**AIM OF THE TASK:** Exact copies of all the records are to be printed.

[Opening SOURCE INFORMATION section]

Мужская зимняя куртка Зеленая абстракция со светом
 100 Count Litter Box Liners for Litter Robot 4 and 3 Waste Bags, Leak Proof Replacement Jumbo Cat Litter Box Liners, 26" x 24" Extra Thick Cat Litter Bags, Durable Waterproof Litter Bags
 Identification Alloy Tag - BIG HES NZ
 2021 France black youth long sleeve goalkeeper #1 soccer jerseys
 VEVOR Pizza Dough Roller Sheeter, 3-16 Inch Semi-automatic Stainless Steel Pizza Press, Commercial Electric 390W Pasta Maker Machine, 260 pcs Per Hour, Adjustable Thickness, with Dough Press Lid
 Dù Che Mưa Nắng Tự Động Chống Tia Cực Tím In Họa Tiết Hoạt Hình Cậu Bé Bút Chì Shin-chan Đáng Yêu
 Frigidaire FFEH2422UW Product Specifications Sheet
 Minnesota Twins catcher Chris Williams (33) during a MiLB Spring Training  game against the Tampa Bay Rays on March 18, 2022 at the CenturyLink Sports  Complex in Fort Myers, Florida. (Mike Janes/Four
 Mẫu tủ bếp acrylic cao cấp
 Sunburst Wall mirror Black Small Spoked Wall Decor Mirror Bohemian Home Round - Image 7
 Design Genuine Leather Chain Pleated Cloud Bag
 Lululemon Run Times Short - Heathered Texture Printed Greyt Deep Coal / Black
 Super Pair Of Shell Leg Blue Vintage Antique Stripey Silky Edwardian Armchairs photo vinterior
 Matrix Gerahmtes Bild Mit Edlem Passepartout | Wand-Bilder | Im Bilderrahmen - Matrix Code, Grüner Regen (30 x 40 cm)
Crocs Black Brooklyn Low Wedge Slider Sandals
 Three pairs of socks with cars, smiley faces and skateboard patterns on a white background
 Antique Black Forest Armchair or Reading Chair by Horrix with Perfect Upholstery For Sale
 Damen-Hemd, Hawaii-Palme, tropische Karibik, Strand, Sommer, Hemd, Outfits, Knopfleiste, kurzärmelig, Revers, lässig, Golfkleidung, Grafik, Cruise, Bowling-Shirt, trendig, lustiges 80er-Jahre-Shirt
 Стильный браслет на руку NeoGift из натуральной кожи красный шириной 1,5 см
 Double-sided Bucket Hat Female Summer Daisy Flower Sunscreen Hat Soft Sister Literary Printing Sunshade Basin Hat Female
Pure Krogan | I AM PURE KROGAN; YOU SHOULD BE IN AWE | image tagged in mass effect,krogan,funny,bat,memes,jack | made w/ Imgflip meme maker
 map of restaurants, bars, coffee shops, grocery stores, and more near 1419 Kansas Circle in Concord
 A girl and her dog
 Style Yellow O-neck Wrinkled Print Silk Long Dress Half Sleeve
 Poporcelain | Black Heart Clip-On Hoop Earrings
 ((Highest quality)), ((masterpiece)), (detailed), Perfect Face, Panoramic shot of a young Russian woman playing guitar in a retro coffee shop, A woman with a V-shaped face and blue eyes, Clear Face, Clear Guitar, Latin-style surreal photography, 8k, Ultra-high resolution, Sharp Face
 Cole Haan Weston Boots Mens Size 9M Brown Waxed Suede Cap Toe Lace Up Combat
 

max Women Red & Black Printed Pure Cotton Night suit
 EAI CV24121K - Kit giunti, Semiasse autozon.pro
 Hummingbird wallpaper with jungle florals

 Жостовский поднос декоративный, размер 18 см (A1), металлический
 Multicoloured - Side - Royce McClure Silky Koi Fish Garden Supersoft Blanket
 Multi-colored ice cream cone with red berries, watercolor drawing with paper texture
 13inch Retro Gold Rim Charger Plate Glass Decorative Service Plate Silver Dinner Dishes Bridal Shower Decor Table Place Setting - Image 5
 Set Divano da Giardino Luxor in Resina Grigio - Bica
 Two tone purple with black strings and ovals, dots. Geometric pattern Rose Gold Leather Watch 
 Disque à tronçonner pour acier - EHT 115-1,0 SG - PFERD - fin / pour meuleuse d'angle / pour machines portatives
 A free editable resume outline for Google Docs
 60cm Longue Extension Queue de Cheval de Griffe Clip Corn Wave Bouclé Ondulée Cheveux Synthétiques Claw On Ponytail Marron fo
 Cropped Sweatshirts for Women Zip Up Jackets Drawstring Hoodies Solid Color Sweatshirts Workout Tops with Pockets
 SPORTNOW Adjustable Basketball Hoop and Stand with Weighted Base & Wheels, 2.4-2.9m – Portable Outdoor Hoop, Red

[Closing SOURCE INFORMATION section]

**ANSWER SPACE:**
Мужская зимняя куртка Зеленая абстракция со светом
 100 Count Litter Box Liners for Litter Robot 4 and 3 Waste Bags, Leak Proof Replacement Jumbo Cat Litter Box Liners, 26" x 24" Extra Thick Cat Litter Bags, Durable Waterproof Litter Bags
 Identification Alloy Tag - BIG HES NZ
 2021 France black youth long sleeve goalkeeper #1 soccer jerseys
 VEVOR Pizza Dough Roller Sheeter, 3-16 Inch Semi-automatic Stainless Steel Pizza Press, Commercial Electric 390W Pasta Maker Machine, 260 pcs Per Hour, Adjustable Thickness, with Dough Press Lid
 Dù Che Mưa Nắng Tự Động Chống Tia Cực Tím In Họa Tiết Hoạt Hình Cậu Bé Bút Chì Shin-chan Đáng Yêu
 Frigidaire FFEH2422UW Product Specifications Sheet
 Minnesota Twins catcher Chris Williams (33) during a MiLB Spring Training  game against the Tampa Bay Rays on March 18, 2022 at the CenturyLink Sports  Complex in Fort Myers, Florida. (Mike Janes/Four
 Mẫu tủ bếp acrylic cao cấp
 Sunburst Wall mirror Black Small Spoked Wall Decor Mirror Bohemian Home Round - Image 7
 Design Genuine Leather Chain Pleated Cloud Bag
 Lululemon Run Times Short - Heathered Texture Printed Greyt Deep Coal / Black
 Super Pair Of Shell Leg Blue Vintage Antique Stripey Silky Edwardian Armchairs photo vinterior
 Matrix Gerahmtes Bild Mit Edlem Passepartout | Wand-Bilder | Im Bilderrahmen - Matrix Code, Grüner Regen (30 x 40 cm)
Crocs Black Brooklyn Low Wedge Slider Sandals
 Three pairs of socks with cars, smiley faces and skateboard patterns on a white background
 Antique Black Forest Armchair or Reading Chair by Horrix with Perfect Upholstery For Sale
 Damen-Hemd, Hawaii-Palme, tropische Karibik, Strand, Sommer, Hemd, Outfits, Knopfleiste, kurzärmelig, Revers, lässig, Golfkleidung, Grafik, Cruise, Bowling-Shirt, trendig, lustiges 80er-Jahre-Shirt
 Стильный браслет на руку NeoGift из натуральной кожи красный шириной 1,5 см
 Double-sided Bucket Hat Female Summer Daisy Flower Sunscreen Hat Soft Sister Literary Printing Sunshade Basin Hat Female
Pure Krogan | I AM PURE KROGAN; YOU SHOULD BE IN AWE | image tagged in mass effect,krogan,funny,bat,memes,jack | made w/ Imgflip meme maker
 map of restaurants, bars, coffee shops, grocery stores, and more near 1419 Kansas Circle in Concord
 A girl and her dog
 Style Yellow O-neck Wrinkled Print Silk Long Dress Half Sleeve
 Poporcelain | Black Heart Clip-On Hoop Earrings
 ((Highest quality)), ((masterpiece)), (detailed), Perfect Face, Panoramic shot of a young Russian woman playing guitar in a retro coffee shop, A woman with a V-shaped face and blue eyes, Clear Face, Clear Guitar, Latin-style surreal photography, 8k, Ultra-high resolution, Sharp Face
 Cole Haan Weston Boots Mens Size 9M Brown Waxed Suede Cap Toe Lace Up Combat
 

max Women Red & Black Printed Pure Cotton Night suit
 EAI CV24121K - Kit giunti, Semiasse autozon.pro
 Hummingbird wallpaper with jungle florals

 Жостовский поднос декоративный, размер 18 см (A1), металлический
 Multicoloured - Side - Royce McClure Silky Koi Fish Garden Supersoft Blanket
 Multi-colored ice cream cone with red berries, watercolor drawing with paper texture
 13inch Retro Gold Rim Charger Plate Glass Decorative Service Plate Silver Dinner Dishes Bridal Shower Decor Table Place Setting - Image 5
 Set Divano da Giardino Luxor in Resina Grigio - Bica
 Two tone purple with black strings and ovals, dots. Geometric pattern Rose Gold Leather Watch 
 Disque à tronçonner pour acier - EHT 115-1,0 SG - PFERD - fin / pour meuleuse d'angle / pour machines portatives
 A free editable resume outline for Google Docs
 60cm Longue Extension Queue de Cheval de Griffe Clip Corn Wave Bouclé Ondulée Cheveux Synthétiques Claw On Ponytail Marron fo
 Cropped Sweatshirts for Women Zip Up Jackets Drawstring Hoodies Solid Color Sweatshirts Workout Tops with Pockets
 SPORTNOW Adjustable Basketball Hoop and Stand with Weighted Base & Wheels, 2.4-2.9m – Portable Outdoor Hoop, Red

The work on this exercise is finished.